Laurent Therrien, vice-president of strategy and development at Alto, told OBJ in an interview this week that Alto’s recent tourism impact report is a “call to action.” The report highlights the project's potential benefits, such as increased tourism traffic and spending, while underscoring the need for active local support.
“What international experience shows is that when you implement high-speed rail, it always acts as a strong lever for tourism development,” said Therrien. “Now the extent to which the destination will benefit depends on coordination, essentially how much the tourism sector works together on promotion, programming, destination practices and last-mile connections.”

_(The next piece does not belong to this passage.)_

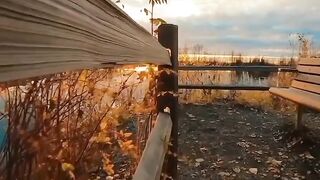Beautiful view of nature 239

Last-mile connections could prove especially necessary in Ottawa, as Alto CEO Martin Imbleau has expressed skepticism about the possibility of a downtown station.
Many Ottawa stakeholders, including Mayor Mark Sutcliffe, would like to see the station located in the city centre, with the former Union Station on Rideau Street as the most likely potential site. But in recent media interviews, Imbleau has cast doubt on the idea, saying the process of building underground would be costly and difficult.

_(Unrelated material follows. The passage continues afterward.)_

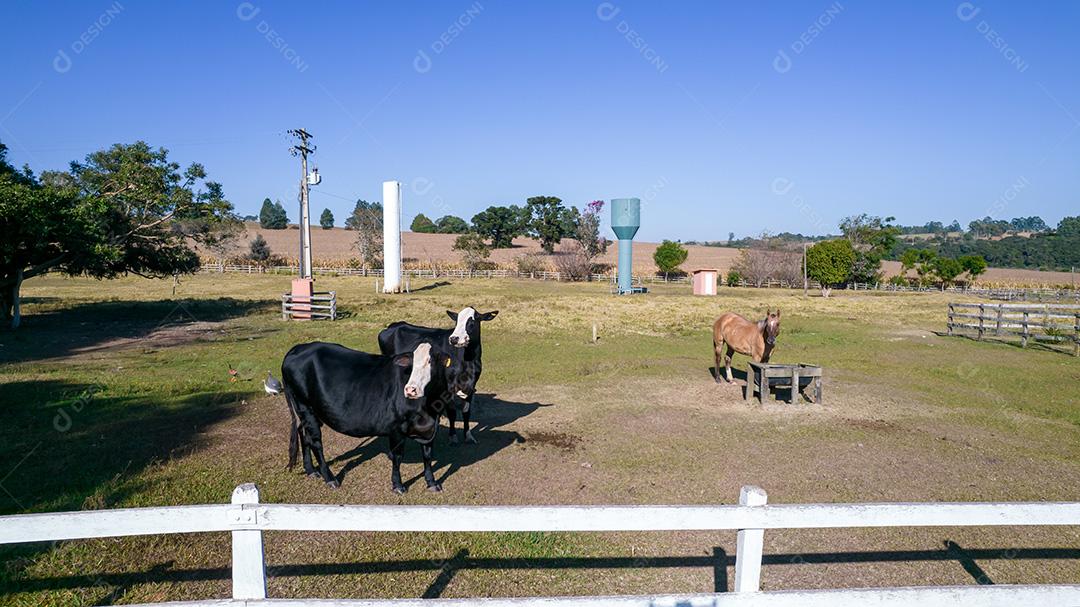Vaca preta com cara branca e manchas amarelas na orelha do animal. Em uma fazenda no Brasil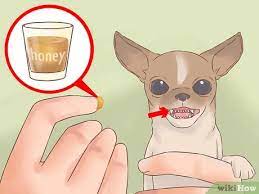 How To Care For Your Chihuahua Puppy With Pictures Wikihow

Though a decision has not been finalized, the existing Via Rail station on Tremblay Road has been raised by Imbleau as the most likely contender.
Therrien said confirmation of the location is expected by the end of the year.

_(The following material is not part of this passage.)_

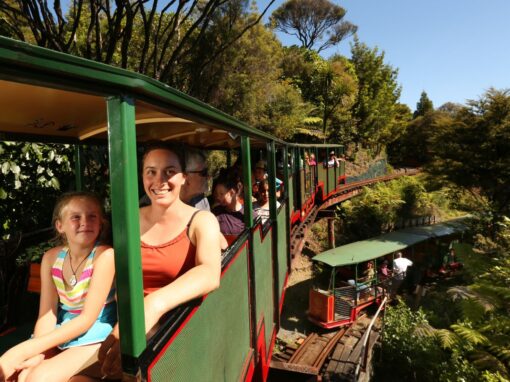 Driving Creek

While outside the city centre, the Tremblay location has some benefits, including an LRT station on-site. Therrien said that kind of interconnectivity could help boost tourism impacts.
“High-speed rail is most effective when it is properly integrated with other means of transportation; light rail, but also bus systems and existing infrastructure,” he said. “Plans that are underway, like the Metrolinx expansion in Toronto, the O-Train in Ottawa and the REM in Montreal. What Alto really brings essentially is the opportunity to link them all together and really reap the benefits of an integrated public transportation system.”
Internationally, other cities have seen success with stations outside the city centre.
In France, the city of Avignon’s high-speed rail station is located six kilometres outside the city centre, an Alto spokesperson said in an email. Still, over the past 20 years, the city has seen increases in tourism traffic as. Twelve years after the station’s opening, a light rail connection to the city’s central station was added, shortening travel times from the high-speed train to the city centre. A business district developed around the station, with hotels, services and office buildings, creating a new economic hub for the city.
With the LRT already in place, Therrien said Ottawa could see significant impacts in a “high-coordination” scenario, where investments are made around a new station.
“When we look at the incremental impact, it is in Quebec City and the Ottawa region that it is the most pronounced,” he said. “You see more substantial gains in this kind of mid-market (city). Ottawa gets to gain a lot in terms of additional tourism spend relative to other cities.”
Alto’s tourism impact report, prepared by consulting firm CPCS, examined how high-speed rail could impact tourism in major centres along the proposed Alto corridor. In Ottawa-Gatineau, high-speed rail would lead to significant increases in overnight and same-day travellers, the report found.
“In absolute terms, Toronto and Montreal (census metropolitan areas) contribute the most to tourism-related GDP under all scenarios and experience the highest absolute gains,” the report said. “But relative to their baseline, Ottawa-Gatineau and Québec City may see the largest gains under the high-coordination scenario.”
Currently, the Ottawa-Gatineau region contributes $4.9 billion in tourism spending to Canada’s GDP every year, behind Toronto ($15.8 billion) and Montreal ($8.7 billion). But with high-speed rail, that spending could increase by up to $560 million for the region, the report found.
“We see increases in people visiting for one night and people visiting for the day,” said Therrien. “Ottawa is a medium-sized city in the corridor and our assumption is that we might have visitors that, because they have limited time to travel, do not choose or cannot choose to visit as many destinations as they like. If we slash travel time, we essentially enable them to visit further and maybe choose alternative destinations.”
He added that the shortened travel time might bring more daytime business travellers into the city, particularly because of the federal government's presence.
In a “high-coordination” scenario, business and personal spending could increase 13 per cent in Ottawa-Gatineau, along with a four per cent increase in length of stays. In a low-coordination scenario, if shorter stays occur, Ottawa could see a decrease in business spending.